Going to court


Either the Crown Prosecution Service (CPS) or the police will decide whether or not your case goes to court.

The decision is based on two questions:

  1. Is there enough evidence for a 'realistic prospect of conviction'? If the CPS/police do not think there is enough evidence, or it is not the right kind of evidence, the case will not go to court, no matter how serious the crime is.
  2. Is it in the public interest for this case to go to court? If the crime is serious, the CPS/police will usually prosecute unless it would clearly not be in the public interest for them to do so.

Case heard at Crown Court

If your case goes to Crown Court, it will be heard by a judge and jury. There will be barristers to represent the prosecution (CPS), and a barrister to represent the person charged with assaulting you.
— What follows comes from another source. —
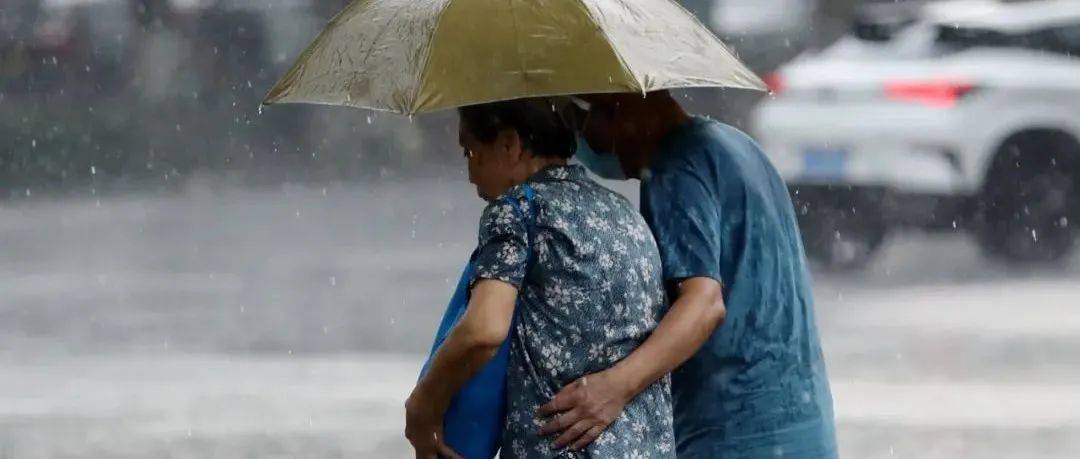 雨中瞬间!慌乱、急迫中见温情!_济南_主校区_山东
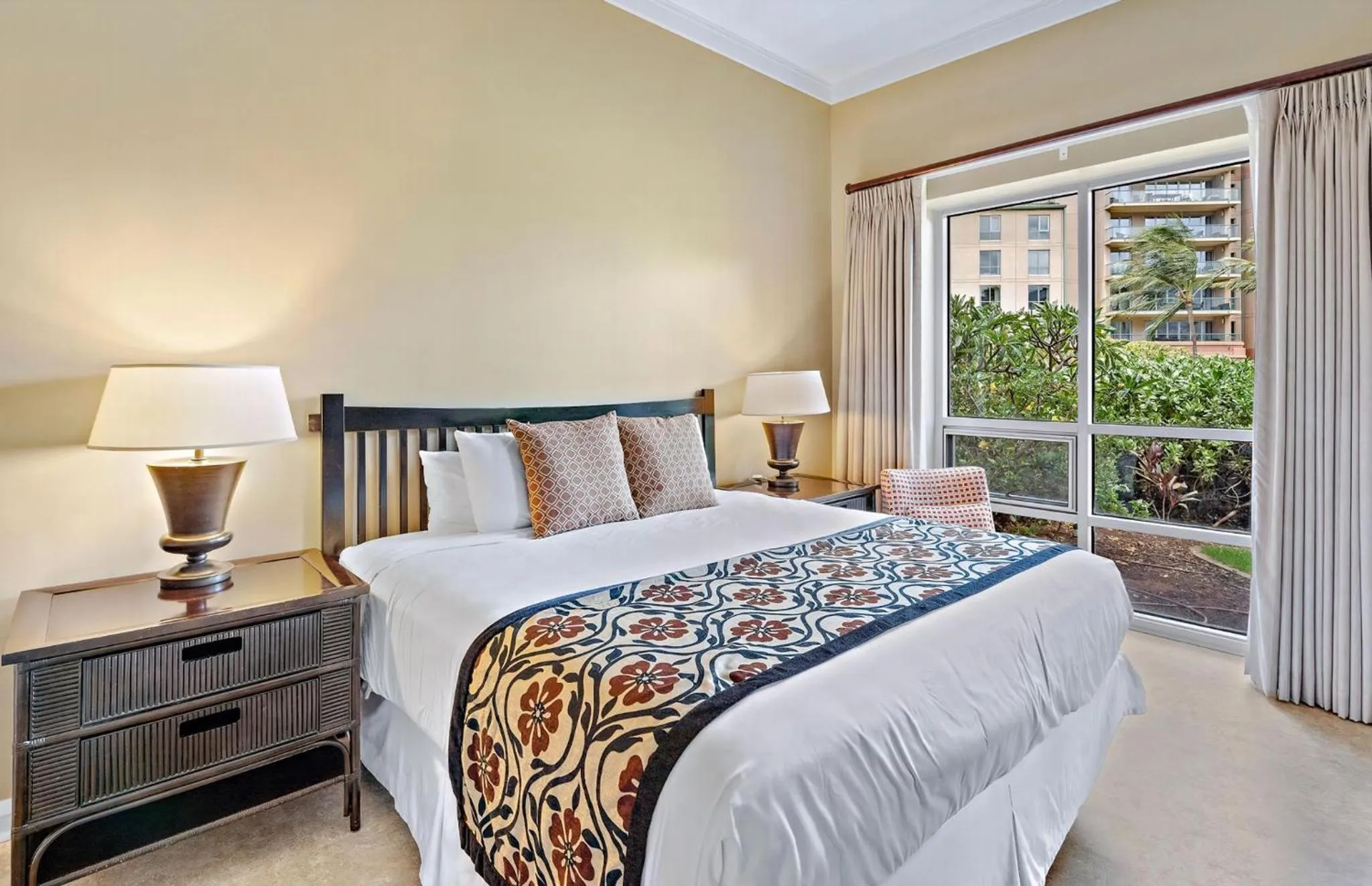 Property building, Bed in Honua Kai Resort And Spa By Maui Resort Rentals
When the jury have heard all of the evidence, they will decide if they believe the person charged with assaulting you committed the crime.

If you have to go to court

If the defendant pleads not guilty, it is possible that you may have to go to the Crown Court and appear as a witness. The two barristers will ask you questions.

If you do have to appear in court, there are ‘Special Measures’ that can be put in place. These have been introduced to make it easier for you to give evidence and can be explained to you by your specialist officer (SOLO).

The Crown Court Witness Service can offer you support and advice, for example, visiting the courtroom before the trial to ease your concerns about going there.

Media coverage

The media (newspapers, television, radio etc.) are not allowed to use your name or give any details that would make it clear who you are. They are allowed to report anything that is said in your evidence, apart from details that would give away your identity.